Information provided section start
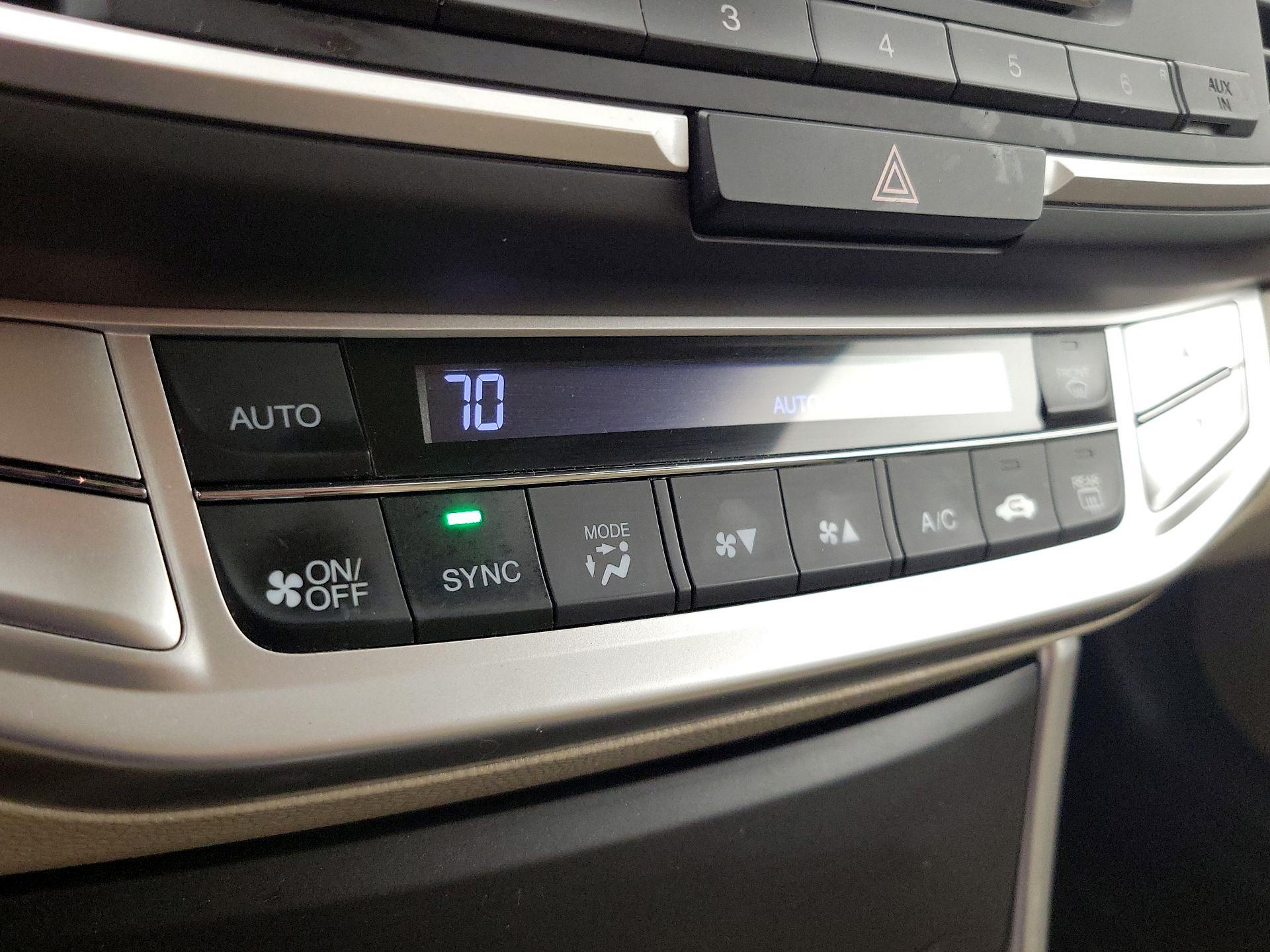 Thumbnail: 2014 Honda Accord - 16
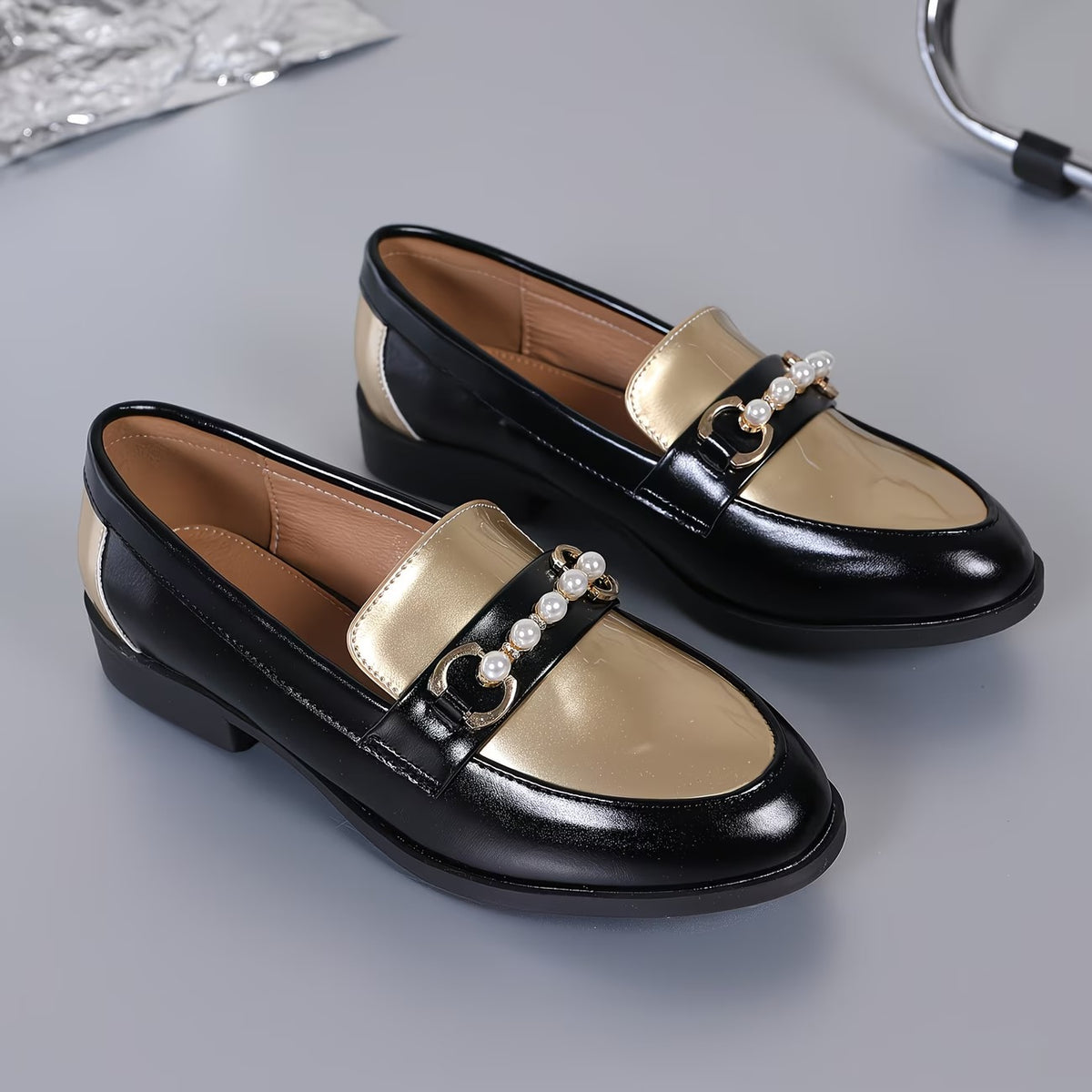 French Style Small faux leather Shoes Pearl Diamond Buckle Round Toe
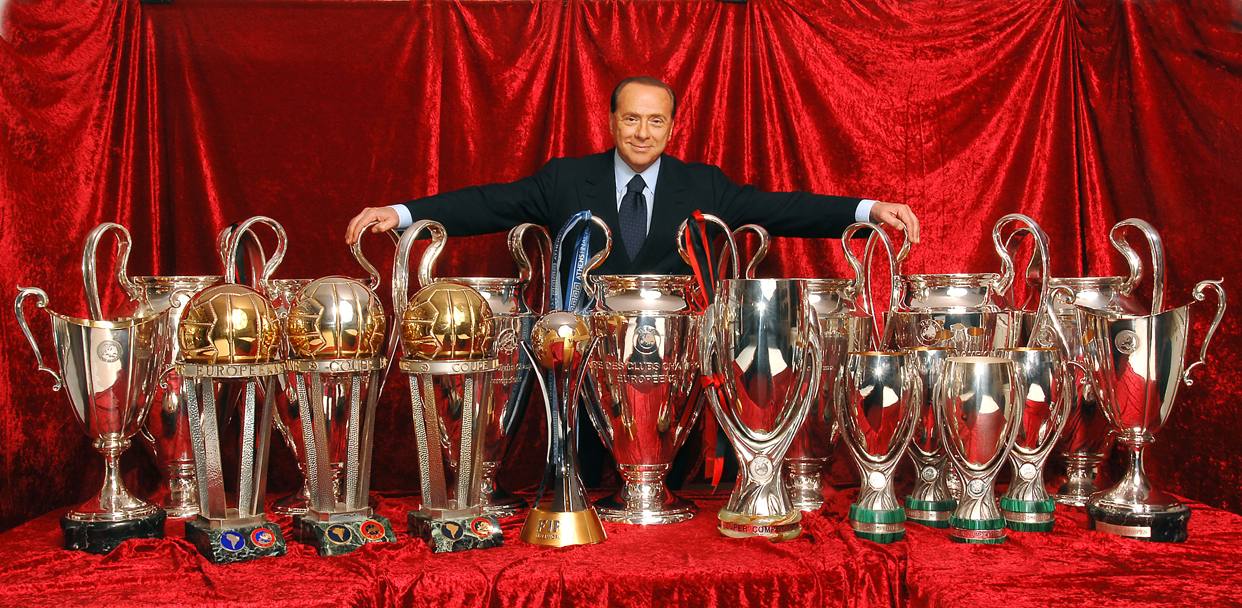 Berlusconi mostra i trofei vinti dal Milan durante la sua presidenza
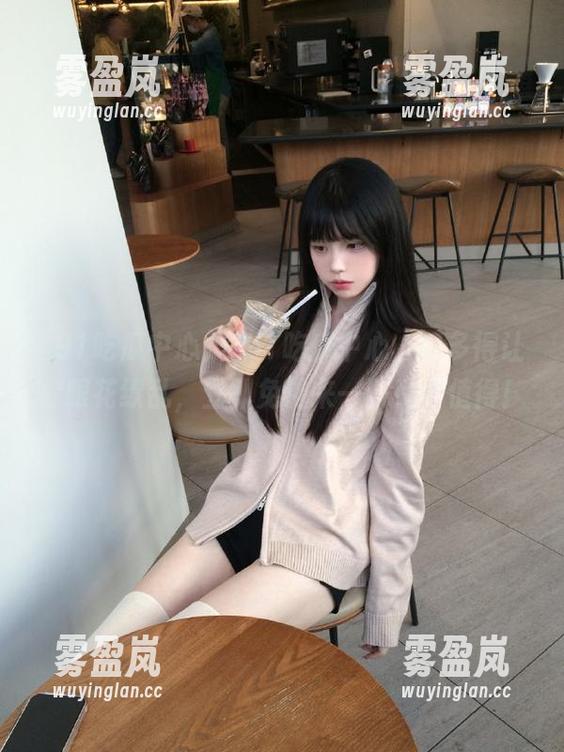 91吃瓜中心 在91吃瓜中心,瓜多得让你眼花缭乱,立即免费来一口!你值得!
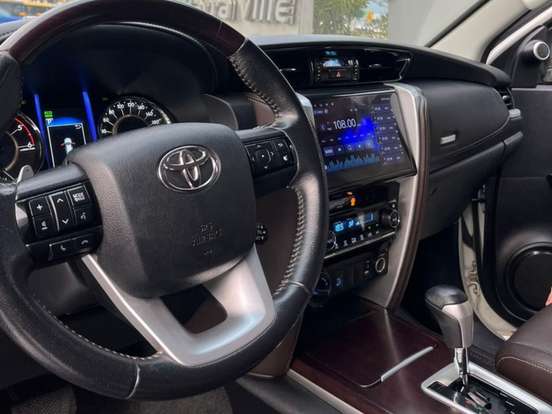 TOYOTA-HILUX SW4-2020
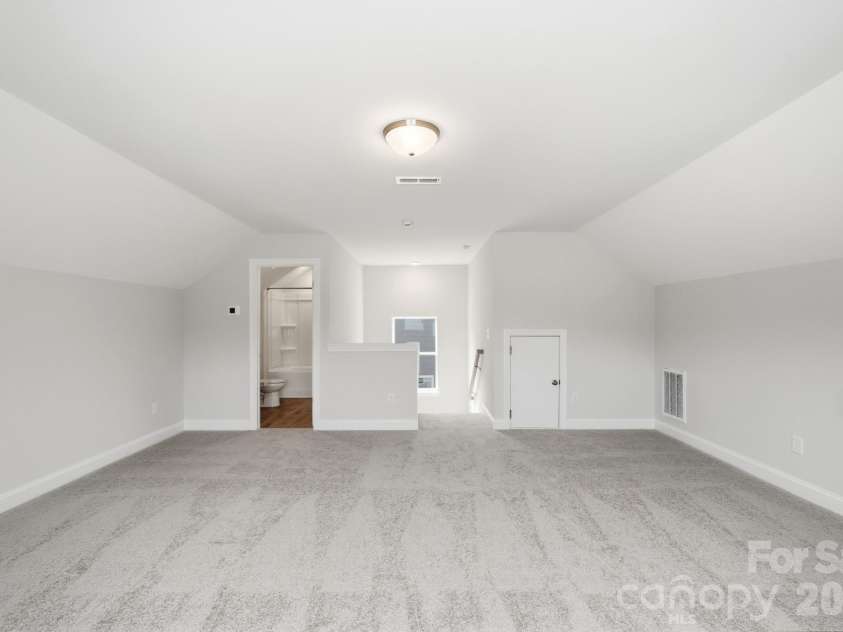 13123 Foxberry Road, Charlotte, NC 28213.  MLS# CAR4373503, YatesRealty ID 24472. 3rd level bonus room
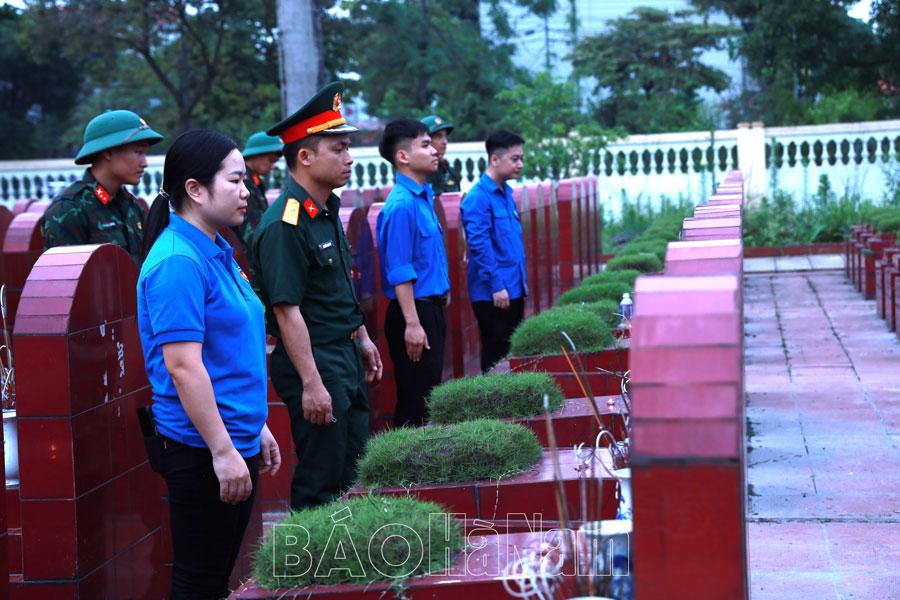 Thắp nến tri ân tại Nghĩa trang liệt sỹ phường Lê Hồng Phong – Châu Sơn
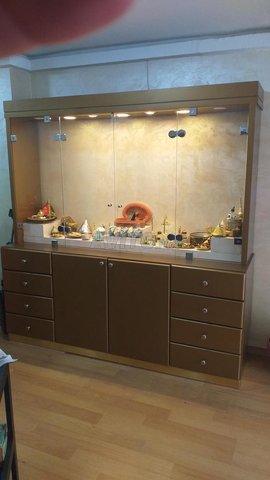 Vitrine robuste et classe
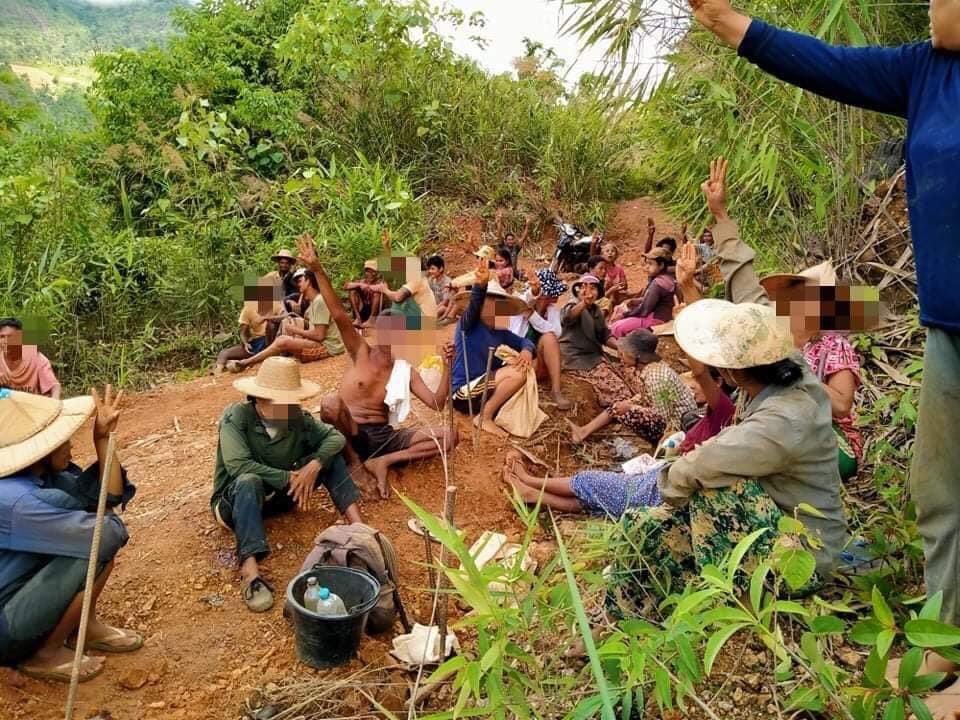 ChanAyeCho5's tweet photo. We worked and We Protest. 

REVOLUTION MUST WIN 
COUP MUST FAIL

#May21Coup
#WhatsHappeningInMyanmar https://t.co/TlSu1jyWi0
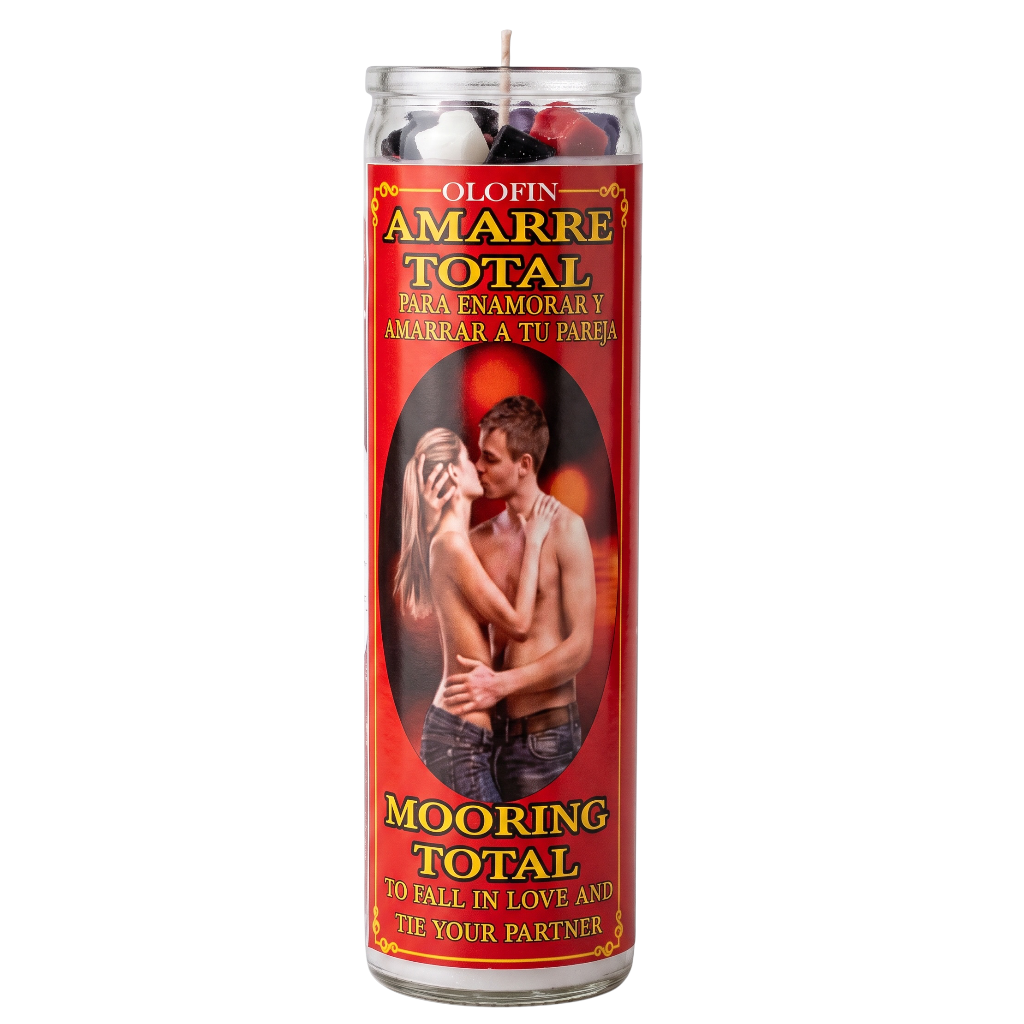 A tall glass jar candle with a red label featuring a romantic couple illustration and Spanish text reading 'Olofin Amarre Total' and 'Mooring Total,' shown on a plain white background.
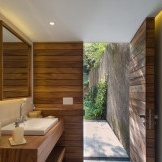 Kesederhanaan bilik mandi kayu yang halus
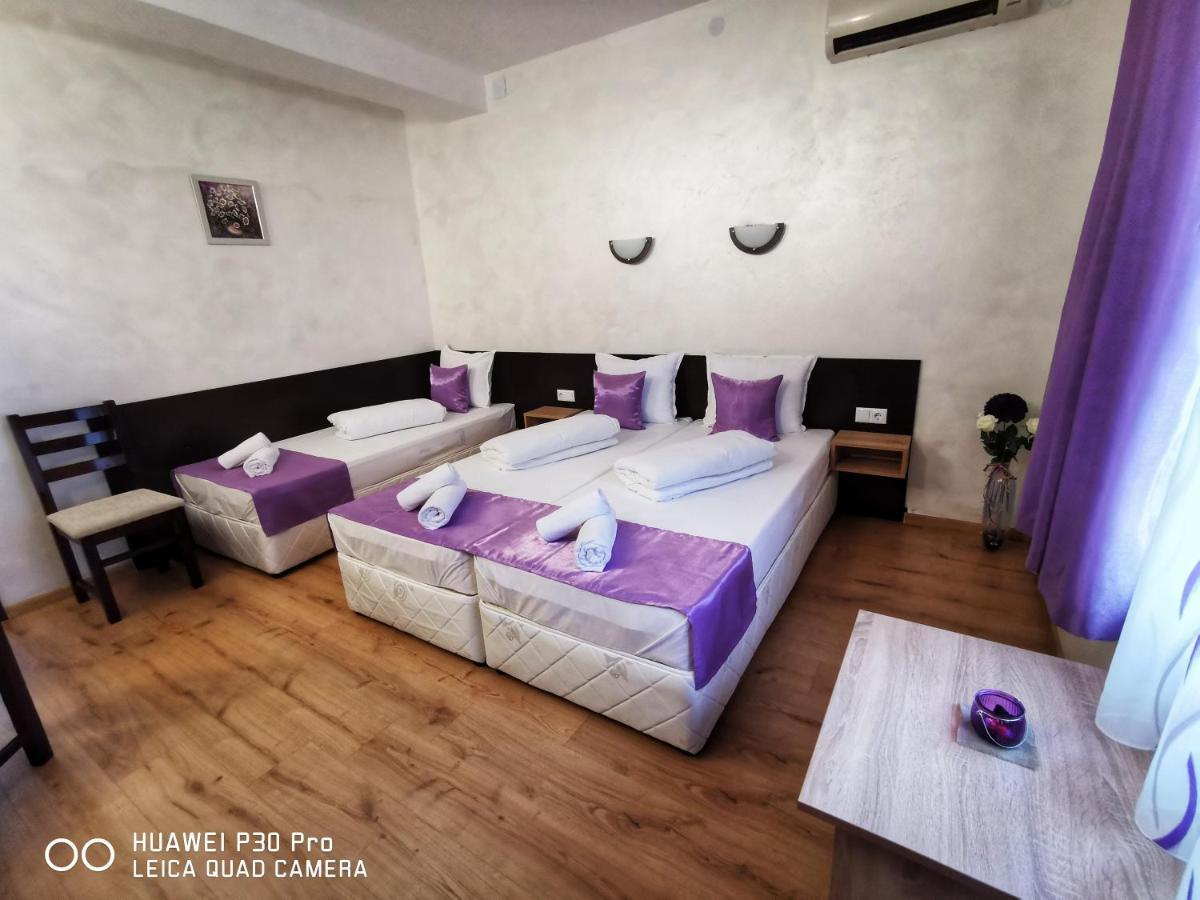 Hotel Swiss Shumen Esterno foto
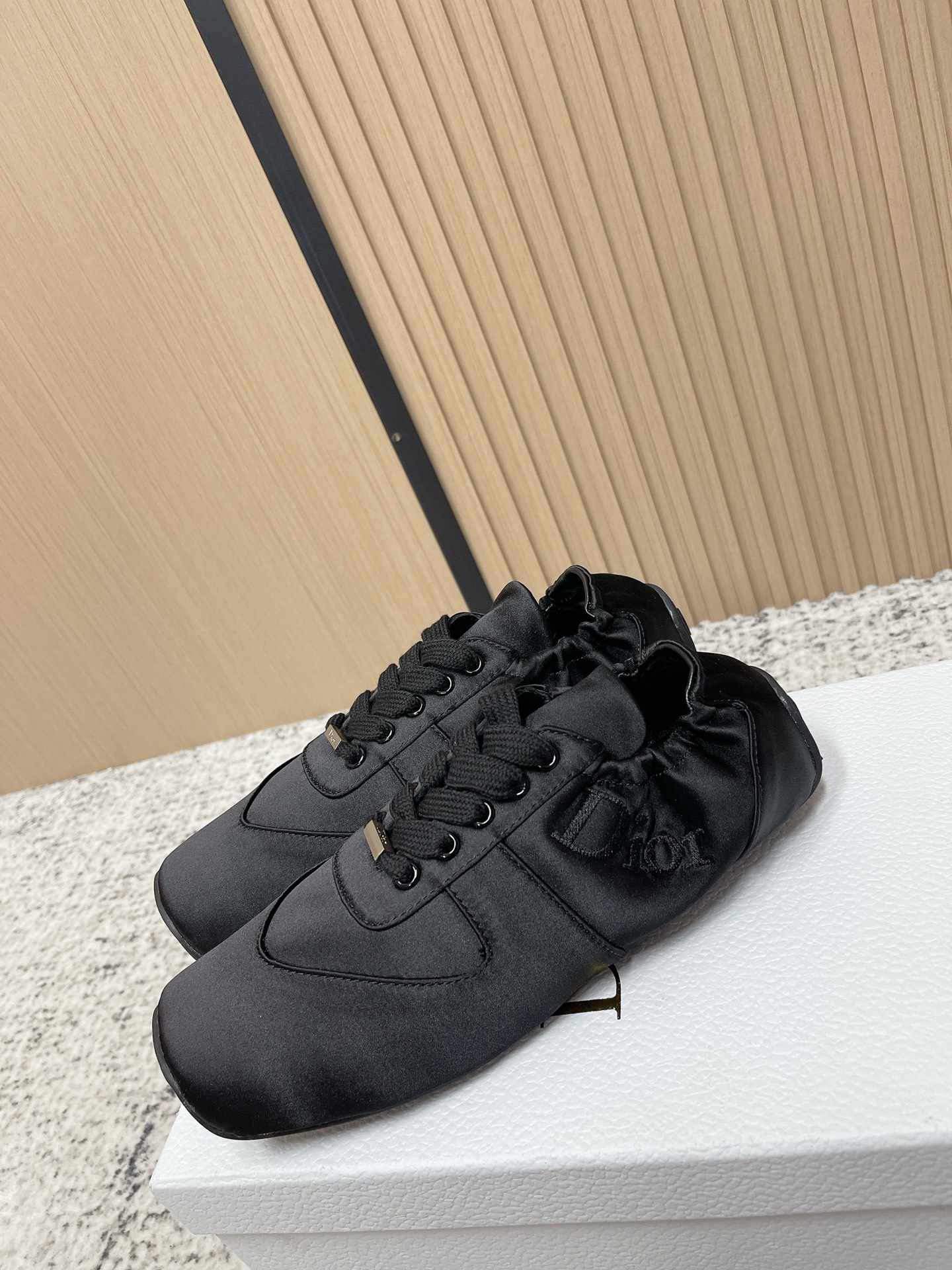 Dior Style Leather Women's Shoes style reference detail image 5 from source 775456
Information provided section end
Exercise directions: Pictures do not belong in the answer. Return the lines above starting at the one with "TOYOTA-HILUX SW4-2020" and ending at the one with "Vitrine robuste et classe", both kept, exactly.

Answer to this problem:
 TOYOTA-HILUX SW4-2020
 13123 Foxberry Road, Charlotte, NC 28213.  MLS# CAR4373503, YatesRealty ID 24472. 3rd level bonus room
 Thắp nến tri ân tại Nghĩa trang liệt sỹ phường Lê Hồng Phong – Châu Sơn
 Vitrine robuste et classe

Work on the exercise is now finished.